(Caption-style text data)
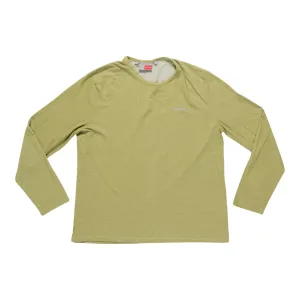 Craghoppers Long-Sleeve T-Shirt - Women's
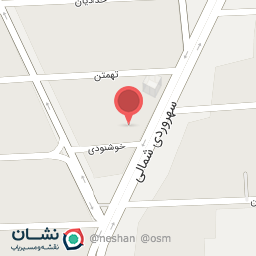 عکس آژانس دارکوب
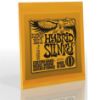 Picture of Ernie Ball Strings Single Electric 080
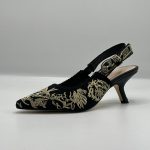 ladies sandels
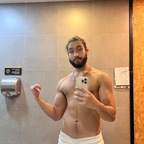 Leaked yamilgoldd onlyfans leaked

◆ **WHAT IS EXPECTED**: Leave the pictures aside and print exactly, and only, the lines from the one with "عکس آژانس دارکوب" through the end of the data, both included.

◆ **SOLUTION FOR THIS EXERCISE**:
 عکس آژانس دارکوب
 Picture of Ernie Ball Strings Single Electric 080
 ladies sandels
 Leaked yamilgoldd onlyfans leaked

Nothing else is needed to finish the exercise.